“I Do Not Consent” Is an Empty Statement

by nielskunze on March 11, 2016

The Whole of the Lesson Is Herein Contained

The Whole of the Lesson Is Herein Contained

In terms of its action in the universe and its power to fundamentally change my experience, “I do not consent” is an empty, meaningless statement.

Conversely, “I withdraw my consent” is an active statement of intent, empowering me to fundamentally change my experience.

Now, let’s look at this subtle difference, and see how profound it really is.

Intent is a positive force, initiating all actions of free will. Without intent, free will cannot express. Intent is active; it summons action.

From the above, it should be clear that the statement “I do not consent” is bereft of intent. It elicits no action. It is a passive statement of position. On its own, it has no power to change anything. It is a statement of disharmony with one’s perception. As such, it can only serve to reinforce that disharmony, offering nothing to displace it.

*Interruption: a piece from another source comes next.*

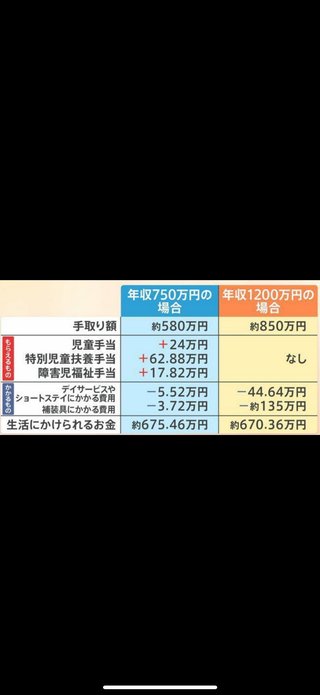 世帯年収1250万と500万でこんなに…物価高で広がる教育格差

However, the ever-so-slightly altered statement “I withdraw my consent” addresses both the true situation and its desired remedy. First, it acknowledges that consent has already been given– tacitly, unconsciously. I can only perceive that which I have agreed to experience. If it is in my awareness, it is there by my invitation… in this free will universe. And secondly, if I don’t like it, I can withdraw my consent– which itself is an action– internally, by the movement of consent from the unconscious to my conscious mind… which in turn demands that the external reality must now confirm that internal ‘movement’ by conforming my new perception to the removal of the relevant concession. How my perception changes as a result of withdrawing consent for a particular item is the completion of the movement from unconscious to conscious (this can take any amount of time). The perceived change in the external is the reflection of that internal movement.

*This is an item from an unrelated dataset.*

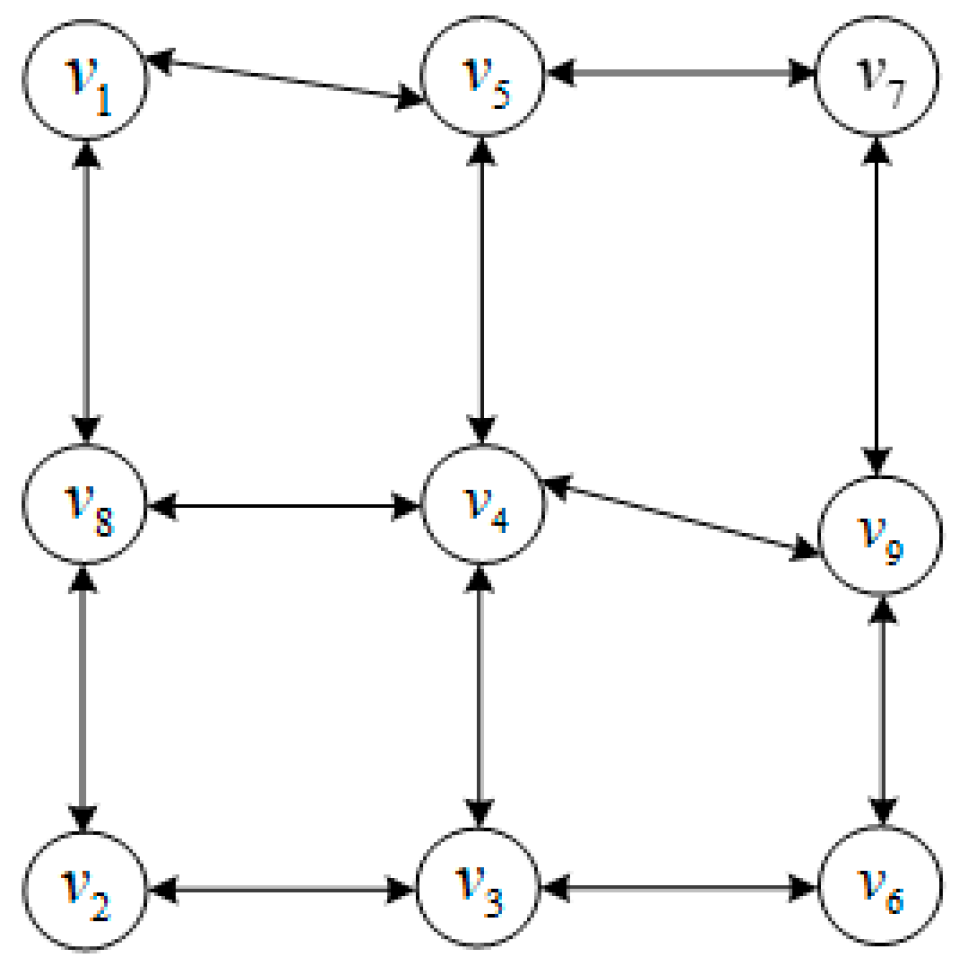 Energies 17 00418 g002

Action begets action… in a chain-reactive universe. Every intent ripples through the entire fabric of reality– inner and outer.

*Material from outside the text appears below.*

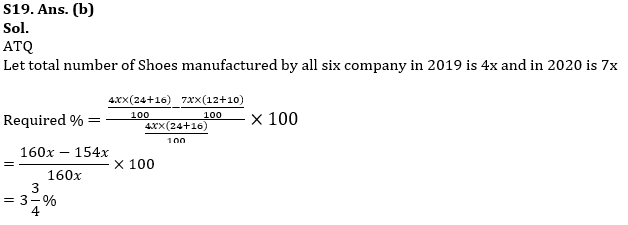 Quantitative Aptitude Quiz For SEBI Grade A Phase 1 2022 13th February_22.1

Withdrawing consent is a potentially powerful action.

Whereas, any statement that begins with “I do not…”, by definition, cannot– will not– initiate action, which is required for change. Intent cannot participate in that which we do not do. What we do not do… cannot do anything.

Consent is yours… to do with as you please. But by merely “not consenting”, its power is negated. Consent is to be wielded like a sword, boldly carving the parameters of our desired reality. Thrust, parry and WITHDRAW… as we dance atop these fences.